Menkopolhukam, Mahfud MD (IDN Times/Ilman Nafi'an)
Mahfud MD menjelaskan duduk perkara antara warga sipil dengan aparat penegak hukum (APH) di Pulau Rempang, Batam. Menurut Mahfud, kisruh antara warga sipil dengan aparat bermula dari upaya pengosongan tanah pada Kamis (7/9/2023). APH datang untuk mendampingi petugas pematok lahan.
Ia menambahkan bahwa tanah di Pulau Rempang sudah diberikan haknya oleh negara kepada sebuah entitas perusahaan untuk mengelola lahan di sana.

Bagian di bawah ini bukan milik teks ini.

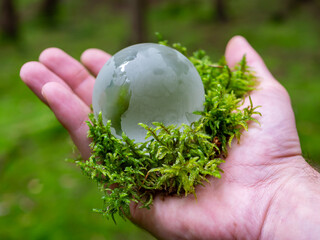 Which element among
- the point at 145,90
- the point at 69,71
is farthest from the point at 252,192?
the point at 69,71

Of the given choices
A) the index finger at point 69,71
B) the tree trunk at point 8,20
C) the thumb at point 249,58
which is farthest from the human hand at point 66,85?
the tree trunk at point 8,20

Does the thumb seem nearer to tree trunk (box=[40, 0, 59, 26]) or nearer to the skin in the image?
the skin

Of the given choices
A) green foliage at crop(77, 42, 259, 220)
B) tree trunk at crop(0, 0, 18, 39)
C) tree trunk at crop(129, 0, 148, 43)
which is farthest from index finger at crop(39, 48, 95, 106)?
tree trunk at crop(0, 0, 18, 39)

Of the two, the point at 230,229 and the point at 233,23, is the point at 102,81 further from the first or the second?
the point at 233,23

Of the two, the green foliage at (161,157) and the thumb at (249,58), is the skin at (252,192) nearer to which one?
the green foliage at (161,157)

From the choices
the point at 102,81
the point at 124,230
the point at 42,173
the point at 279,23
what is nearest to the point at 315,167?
the point at 102,81
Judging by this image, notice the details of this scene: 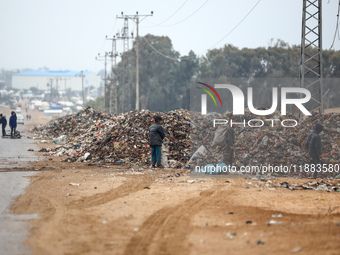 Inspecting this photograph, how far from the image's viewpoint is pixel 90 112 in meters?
38.2

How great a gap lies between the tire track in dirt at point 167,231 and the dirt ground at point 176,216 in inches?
0.5

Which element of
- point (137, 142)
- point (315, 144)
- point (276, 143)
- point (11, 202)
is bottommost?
point (11, 202)

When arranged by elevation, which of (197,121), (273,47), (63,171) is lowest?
(63,171)

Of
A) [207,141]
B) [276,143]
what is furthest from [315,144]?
[207,141]

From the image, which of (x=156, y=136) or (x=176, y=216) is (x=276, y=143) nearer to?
(x=156, y=136)

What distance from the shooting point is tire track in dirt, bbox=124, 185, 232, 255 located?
6.91 m

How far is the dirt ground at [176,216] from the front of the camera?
7023 millimetres

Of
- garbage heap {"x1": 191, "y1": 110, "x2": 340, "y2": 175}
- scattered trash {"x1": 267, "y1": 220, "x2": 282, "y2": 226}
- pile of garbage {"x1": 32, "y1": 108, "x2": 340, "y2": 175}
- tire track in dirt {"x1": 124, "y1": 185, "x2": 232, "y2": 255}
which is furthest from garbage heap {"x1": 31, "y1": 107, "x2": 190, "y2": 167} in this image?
scattered trash {"x1": 267, "y1": 220, "x2": 282, "y2": 226}

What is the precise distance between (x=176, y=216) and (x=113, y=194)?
301 centimetres

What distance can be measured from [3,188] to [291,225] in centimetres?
748

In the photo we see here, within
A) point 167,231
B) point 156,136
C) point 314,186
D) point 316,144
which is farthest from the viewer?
point 156,136

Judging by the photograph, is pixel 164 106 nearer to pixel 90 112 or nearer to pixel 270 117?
pixel 90 112

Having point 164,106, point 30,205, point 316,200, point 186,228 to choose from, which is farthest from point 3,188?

"Jadi, pada tahun 2001 atau 2002, sebelum investor resmi masuk, tanah ini rupanya belum digarap dan gak pernah ditengok. Sehingga, pada 2004 menyusul dengan beberapa keputusan, hak tanah itu diberikan kepada orang lain. Akhirnya ditempati. Padahal, SK (Surat Keputusan) haknya sudah dikeluarkan pada 2001 secara sah," ungkap Mahfud di Hotel Royal Kuningan, Jakarta Selatan pada Jumat (8/9/2023).
Investor akhirnya berhasil digaet masuk ke Pulau Rempang pada 2022. Pemegang hak tanah yang diberikan kewenangan sejak 2001 oleh pemerintah lalu datang. Mereka kemudian menemukan tanahnya sudah ditempati oleh orang lain.
"Kemudian diurut-urut ada kekeliruan dari pemerintah setempat maupun dari pemerintah pusat dalam hal ini Kementerian Lingkungan Hidup dan Kehutanan (KLHK). Lalu, diluruskan sesuai dengan aturan bahwa itu masih menjadi hak (entitas perusahaan) karena investor akan masuk," kata mantan Ketua Mahkamah Konstitusi (MK) itu.
Namun, menurut keterangan dari Yayasan Lembaga Bantuan Hukum Indonesia (YLBHI), masyarakat adat yang ada di sana justru sudah menghuni tanah tersebut sejak 1834.
Meski begitu, warga hanya memiliki hak guna bangunan (HGB) tanah di pulau tersebut. Sertifikat tanah hanya diberikan kepada warga asli di Pulau Batam. Dokumen itu diberikan usai melalui proses verifikasi yang panjang.